8-0. How did it get this bad?

As South Africa began preparation to take on England this summer, I noticed how many of their players were playing county cricket. I watched in awe as the Saffers decimated England. They were as superior as India were when we beat England in England in 2007.

Of the Proteas team, almost every single player that thrashed England had played county cricket. Most of them had played there before the 2012 series got under way. Alviro Petersen (Essex), Ashwell Prince (Lancashire), Vernon Phillander (Somerset), and Jacques Rudolph (Surrey), all played for the first part of the 2012 summer for their club sides. The rest of the side had also spent considerable periods on the swinging English county circuit. Imran Tahir (Hampshire), Hashim Amla (Essex), Morne Morkel (Kent, Yorkshire), Dale Steyn (Essex, Warwick), JP Duminy (Devon), Jacques Kallis (Glamorgan, Middlesex) and captain Graeme Smith (Somerset, Hampshire) all did stints in England as they began their international test career.

[youtube]http://www.youtube.com/watch?v=7jQkn-46Rq4[/youtube]

 

In fact, only the unfairly talented AB de Villiers is absent from the list; and he had a relatively poor tour.

Contrast this with the Indian side that came back in 2011 with its tail between its legs: from the side that lost the third test by an innings and 242 runs (!) just five players had had the benefit of playing county cricket in the past. And three of them (Dravid, Tendulkar and Laxman) were in the twilight of their careers.

There were only five county cricketers on show for India in the Australia series too. Coincidence?

Is it coincidence that Rahul Dravid’s purple patch followed his spell with Kent? Or that Zaheer Khan’s best period for India followed his 2006 stint with Worcestershire?

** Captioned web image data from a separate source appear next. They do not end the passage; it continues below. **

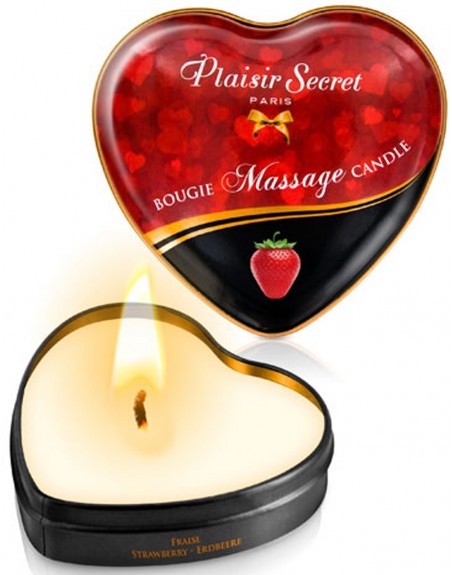 Fournisseur Plaisirs Secrets Mini bougie de massage fraise boîte coeur 35ml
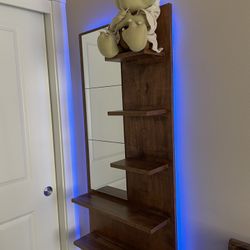 Wooden Dresser With mirror And Shelf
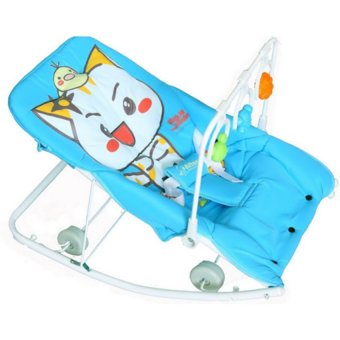 ATTOON KITTY GARDEN เปลโยกหมอนหลุม+ของเล่น (สีฟ้า) ATTOON KITTY GARDEN เปลโยกหมอนหลุม+ของเล่น (สีฟ้า)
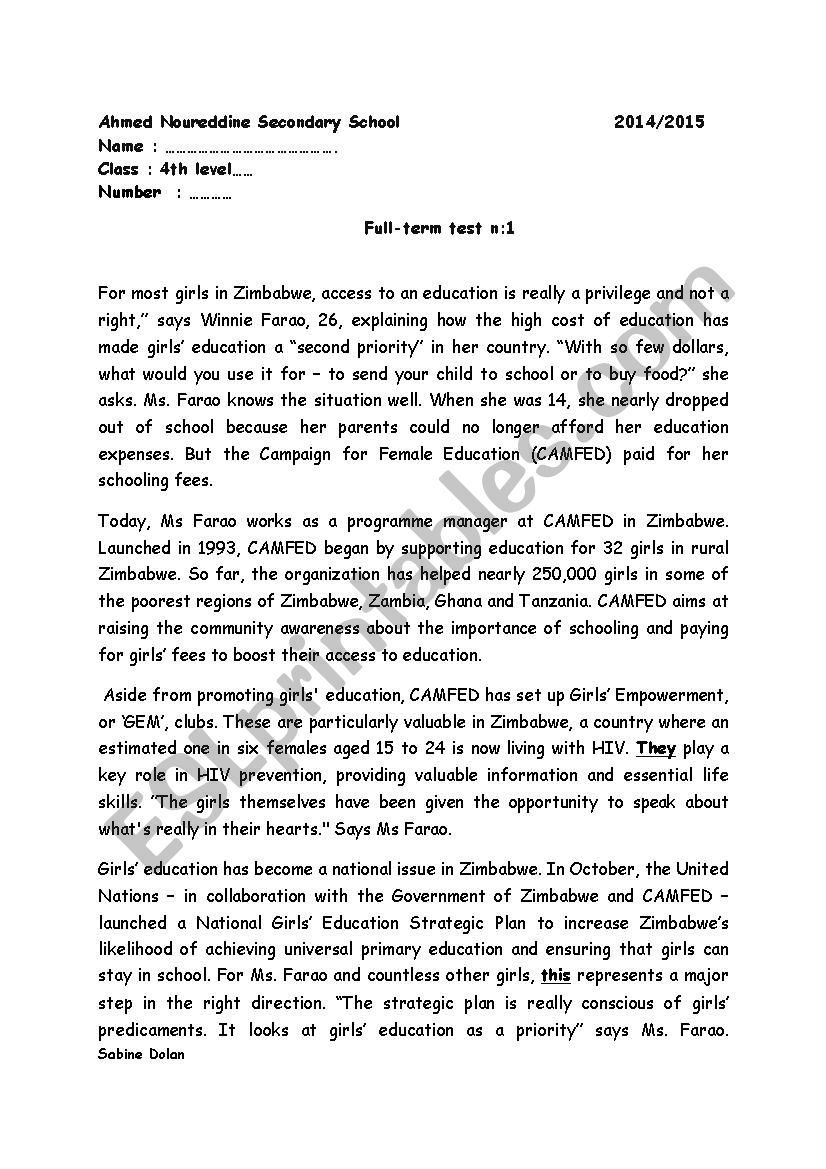 Full-term test n 1 for the 4th level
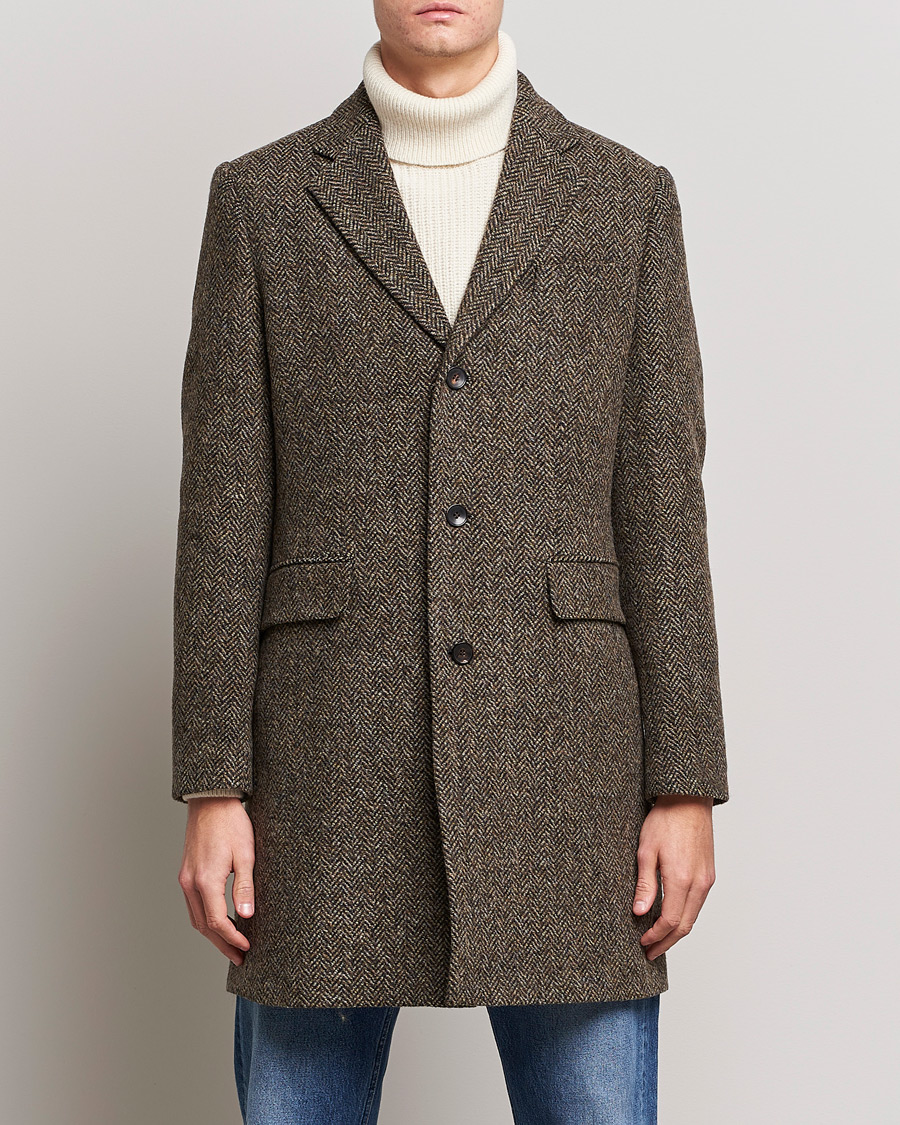 Herren | Jacken | Morris | Wool Herringbone Coat Dark Brown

[youtube]http://www.youtube.com/watch?v=nU-sJpyzXa0[/youtube]

 

From the 2007 India side that beat England 1-0 in the three test series in England, no less than seven players had played county cricket. In the second test that India won, only Wasim Jaffer, Dinesh Karthik, MS Dhoni and S Sreesanth had never played county cricket. Seven county cricketers also took to the field in the 2008 Perth test win, arguably one of India’s finest Down Under. Though India narrowly lost the series 2-1, it was a promising performance and for once, India really competed on the notoriously quick, bouncy Aussie wickets. When India beat South Africa at Durban in 2010, the number was again seven. India seem to give themselves the best chance of success abroad when they have more county players in the team. So is there a definitive relationship between county cricket and success abroad?

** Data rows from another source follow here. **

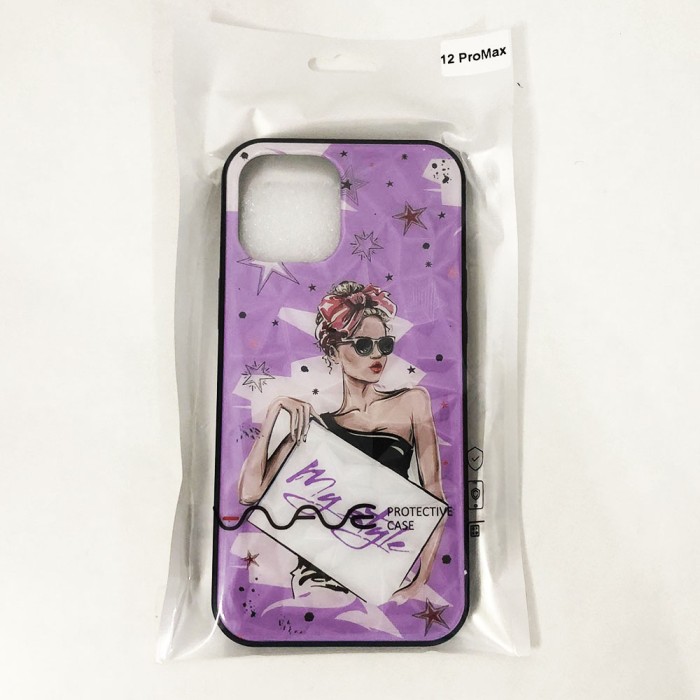 Чохол на Apple Iphone 12 Pro Max дівчина в окулярах. Колір фіолетовий DI-64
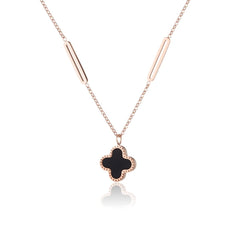 Black Acrylic & 18K Rose Gold-Plated Clover Pendant Necklace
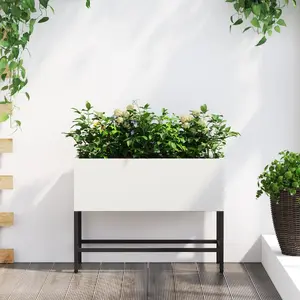 Металлическое кашпо VidaXL 60 x 26 x 45 см — белое металлическое растениеводческое изделие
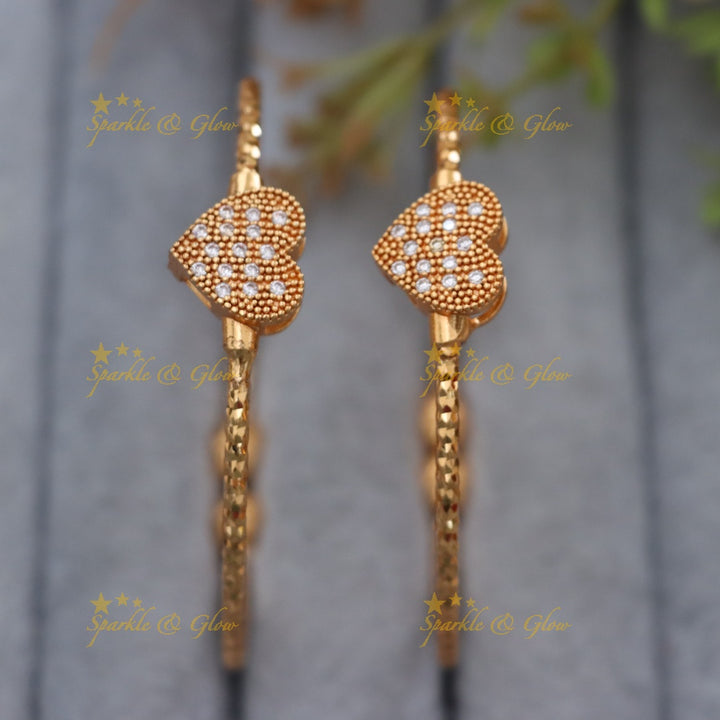 Sparkling Heart Bangles in Gold Tone for Celebrations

Zaheer Khan and Rahul Dravid have both said so, and the stats back them up. Many of India’s finest players—and in particular, India’s finest overseas performers—spent at least one summer playing county cricket: Gavaskar at Somerset, Tendulkar at Yorkshire, Ganguly at Lancashire, Dravid at Kent, Sehwag at Leicester, Zaheer at Worcester, Kumble at Surrey, Leicester and Northamptonshire, Srinath at Gloucester and Leicester, Bishan Singh Bedi at Northamptonshire, Farokh Engineer at Lancashire, Amarnath at Durham, Vengsarkar at Staffordshire, Ravi Shastri at Glamorgan, Azharuddin at Derbyshire, Kapil Dev at Northamptonshire. All of them perfected their batting techniques on darting, seaming wickets or honed their skills with a new, red swinging ball. It was a totally new environment compared to the dusty, slow turners of the Ranji Trophy back in India. They were exposed to top-class talent from all over the world. They were pulled out of their comfort zones and were better players for it. Back then, summers were reserved for an England tour or county cricket. Now other events take precedence.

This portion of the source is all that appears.